◆ WHAT YOU ARE ASKED TO DO
Copy every entry word for word, but skip the pictures.

[Brief descriptive captions]
--- START ---

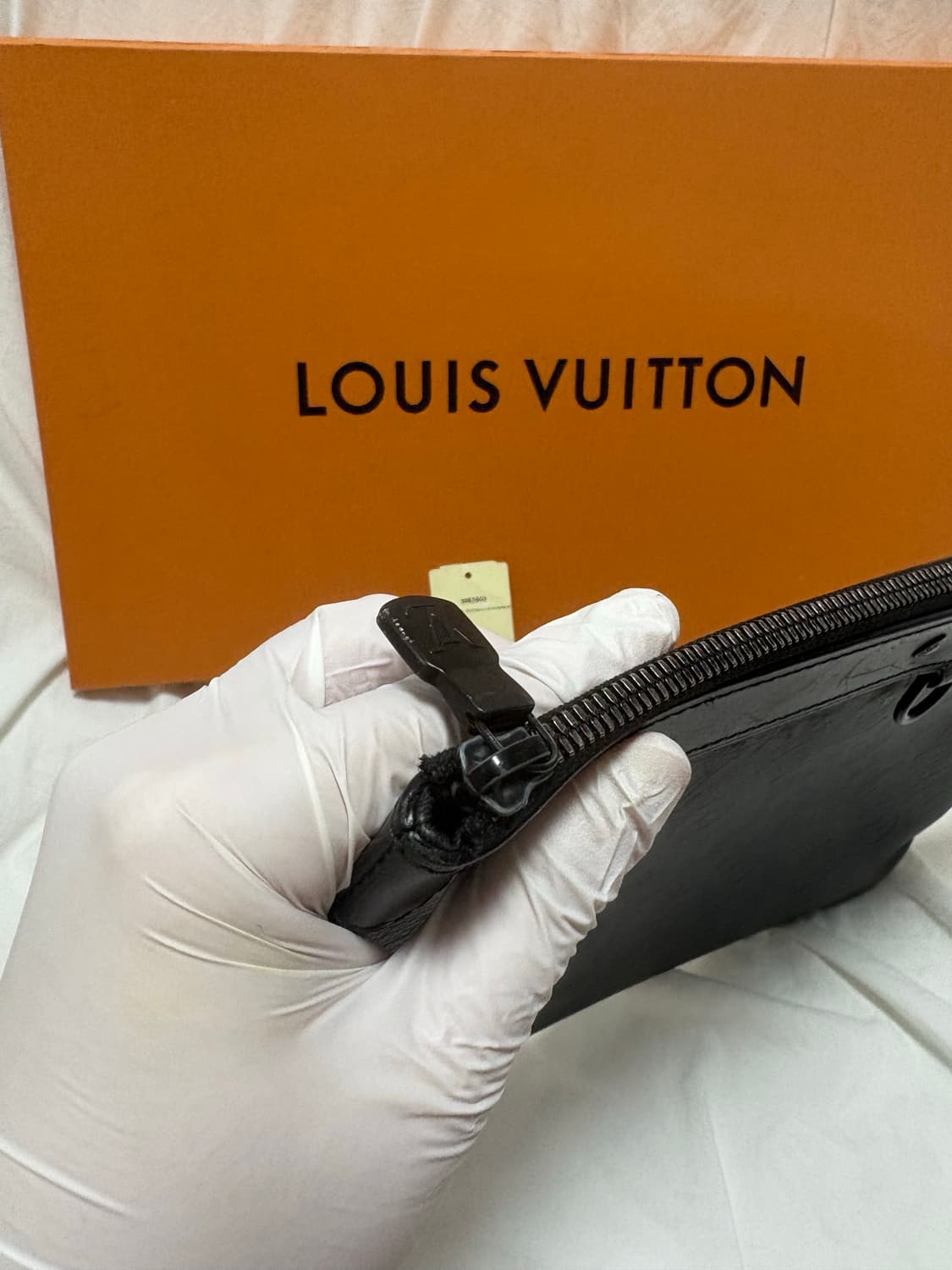 [새해특가/정품] 루이비통 포쉐트 모노그램 섀도우 클러치 상품이미지5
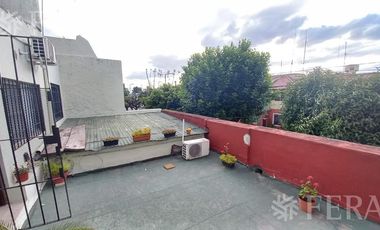 Venta casa 5 ambientes con patio con parrilla y terraza en Wilde (30667)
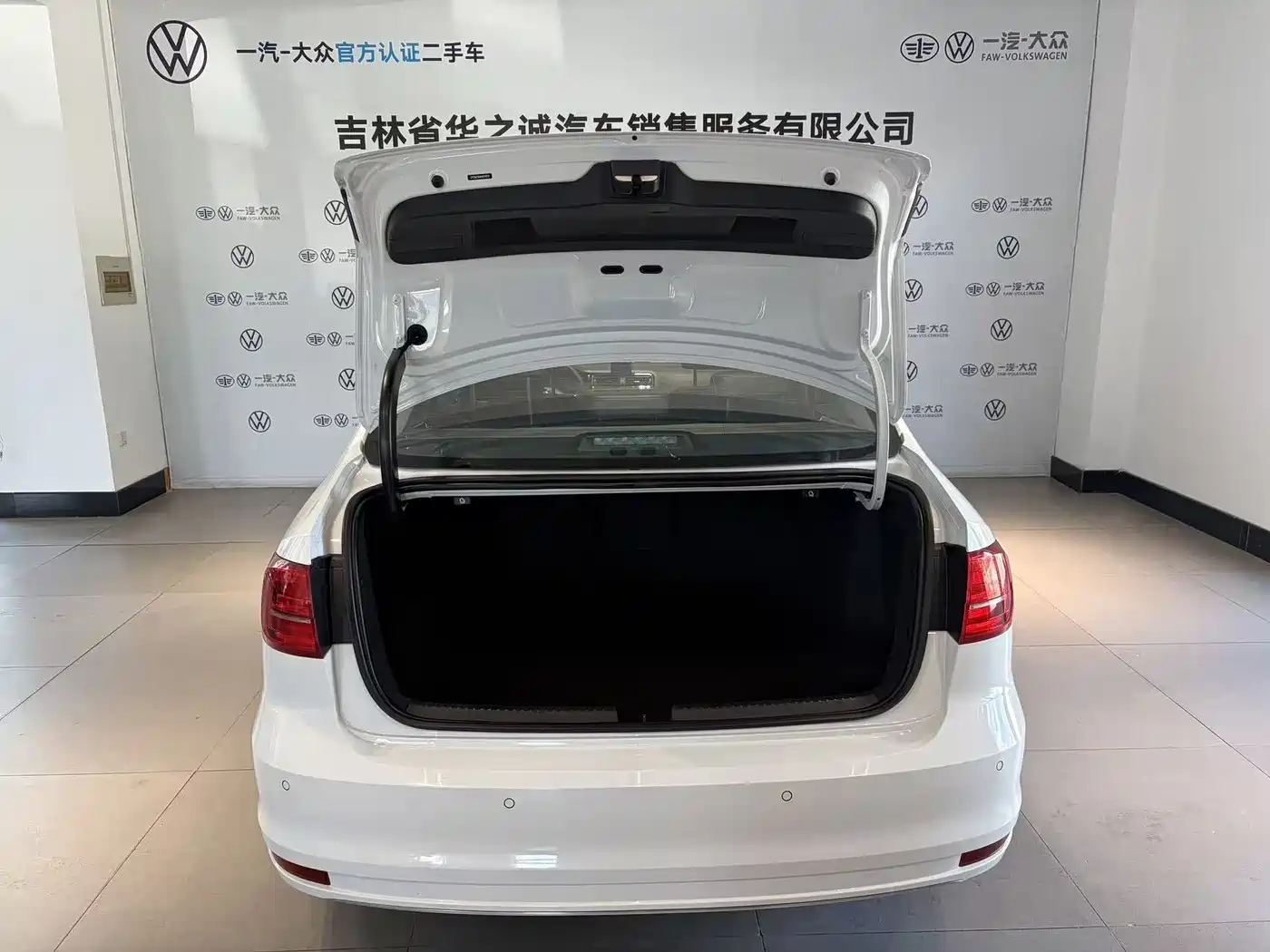 Volkswagen Sagitar 2018 1.6L Automatic Comfort фото 10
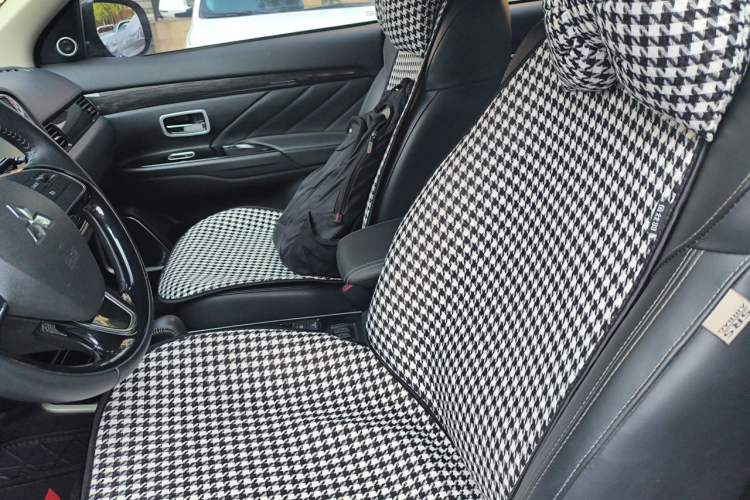 Used Mitsubishi Outlander 2019 2.4L 4x4 Zhi Xiang Edition 7 Seats China VI Standard Left Front Seat
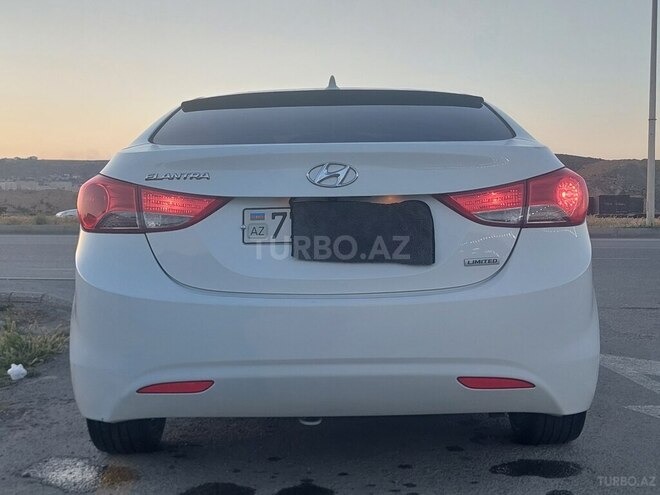 Hyundai Elantra-3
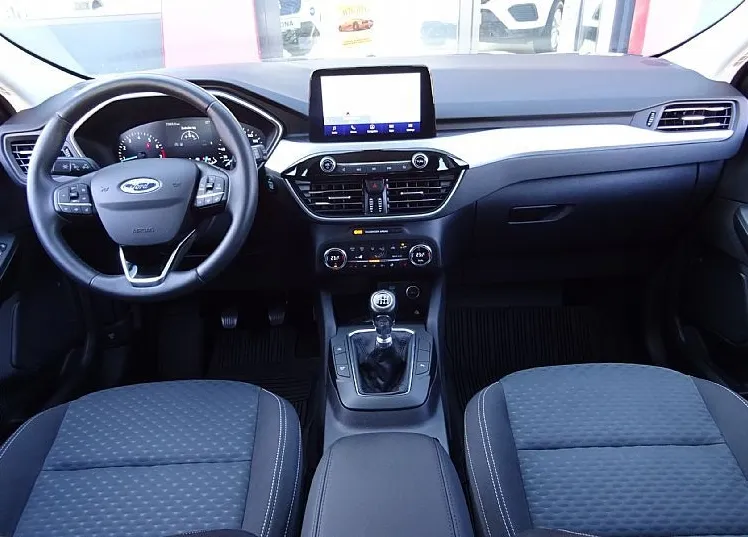 Zunanja slika - Ford Kuga - 1.5 TREND 120KM - NAVI - GRETJE VOLANA. SEDEŽEV- - 11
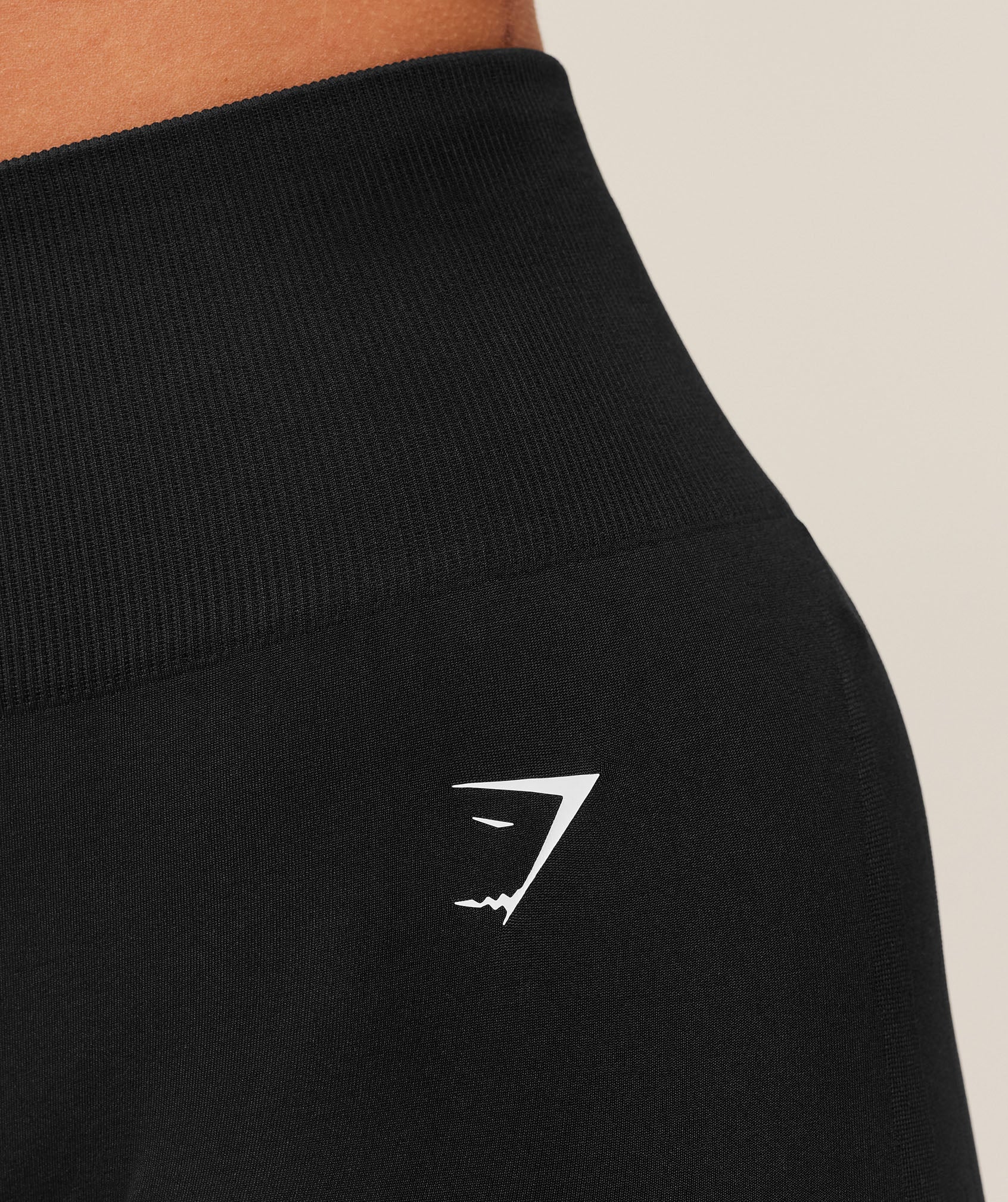 gymshark-everyday-seamless-shorts-black-aw23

--- END ---

◆ ANSWER TO THIS EXERCISE
 [새해특가/정품] 루이비통 포쉐트 모노그램 섀도우 클러치 상품이미지5
 Venta casa 5 ambientes con patio con parrilla y terraza en Wilde (30667)
 Volkswagen Sagitar 2018 1.6L Automatic Comfort фото 10
 Used Mitsubishi Outlander 2019 2.4L 4x4 Zhi Xiang Edition 7 Seats China VI Standard Left Front Seat
 Hyundai Elantra-3
 Zunanja slika - Ford Kuga - 1.5 TREND 120KM - NAVI - GRETJE VOLANA. SEDEŽEV- - 11
 gymshark-everyday-seamless-shorts-black-aw23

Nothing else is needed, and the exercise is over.